Task description
Lines from the line with "Some modules may" to the line with "So what is fault" in the entries below, and only those, must be output exactly, with both ends included.

Exercise input
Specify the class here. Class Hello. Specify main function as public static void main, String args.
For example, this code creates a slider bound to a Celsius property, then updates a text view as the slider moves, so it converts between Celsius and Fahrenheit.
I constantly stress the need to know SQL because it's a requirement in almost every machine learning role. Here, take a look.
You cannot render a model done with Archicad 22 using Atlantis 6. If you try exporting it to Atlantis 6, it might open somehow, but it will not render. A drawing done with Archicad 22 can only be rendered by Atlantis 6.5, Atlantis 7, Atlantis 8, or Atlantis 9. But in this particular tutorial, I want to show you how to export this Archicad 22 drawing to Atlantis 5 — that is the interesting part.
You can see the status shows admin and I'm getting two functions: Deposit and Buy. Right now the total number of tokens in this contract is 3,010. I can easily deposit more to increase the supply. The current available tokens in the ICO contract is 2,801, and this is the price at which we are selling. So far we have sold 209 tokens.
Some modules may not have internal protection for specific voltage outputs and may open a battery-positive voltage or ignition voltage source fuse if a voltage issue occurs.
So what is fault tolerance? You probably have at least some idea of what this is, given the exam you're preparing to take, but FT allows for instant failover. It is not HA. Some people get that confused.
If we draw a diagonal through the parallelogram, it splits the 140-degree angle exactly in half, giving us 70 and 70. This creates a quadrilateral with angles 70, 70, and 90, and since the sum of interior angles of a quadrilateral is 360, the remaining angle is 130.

==

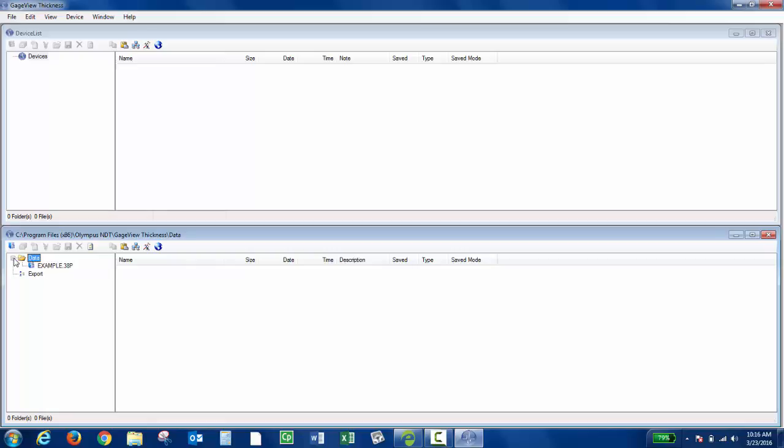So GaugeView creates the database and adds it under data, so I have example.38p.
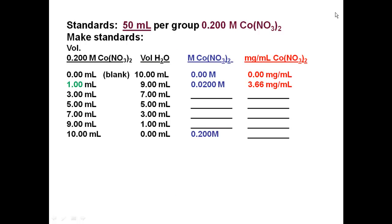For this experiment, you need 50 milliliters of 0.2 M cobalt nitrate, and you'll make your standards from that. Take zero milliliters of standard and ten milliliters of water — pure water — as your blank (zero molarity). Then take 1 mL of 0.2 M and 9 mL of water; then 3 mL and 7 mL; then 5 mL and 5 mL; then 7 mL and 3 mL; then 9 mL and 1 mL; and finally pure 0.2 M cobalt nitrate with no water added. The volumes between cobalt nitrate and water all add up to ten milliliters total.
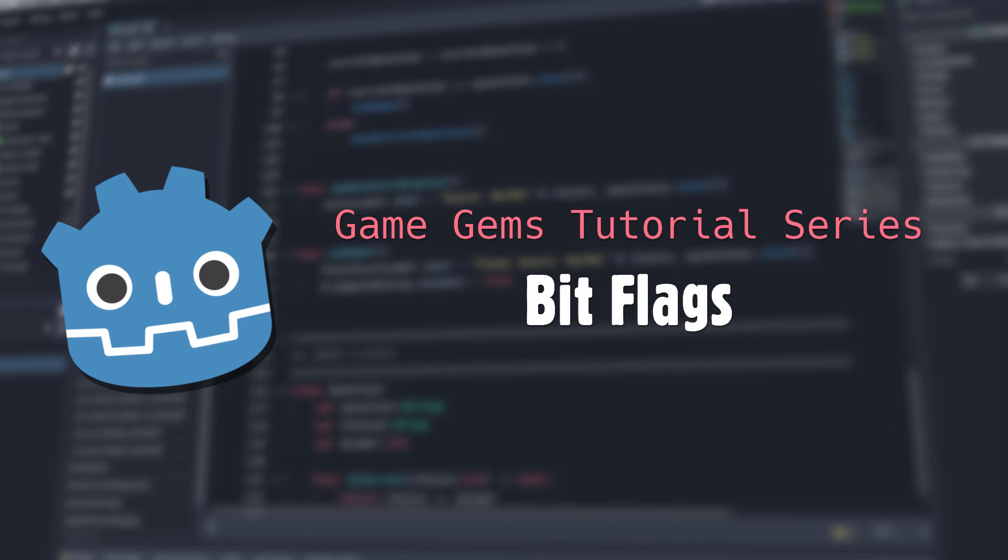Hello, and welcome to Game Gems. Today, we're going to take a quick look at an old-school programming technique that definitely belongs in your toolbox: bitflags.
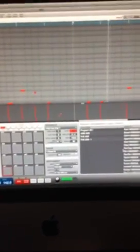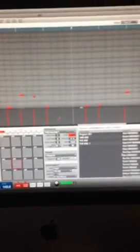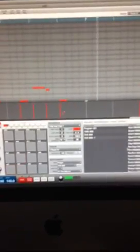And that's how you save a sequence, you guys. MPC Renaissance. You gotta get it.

Response area
Some modules may not have internal protection for specific voltage outputs and may open a battery-positive voltage or ignition voltage source fuse if a voltage issue occurs.
So what is fault tolerance? You probably have at least some idea of what this is, given the exam you're preparing to take, but FT allows for instant failover. It is not HA. Some people get that confused.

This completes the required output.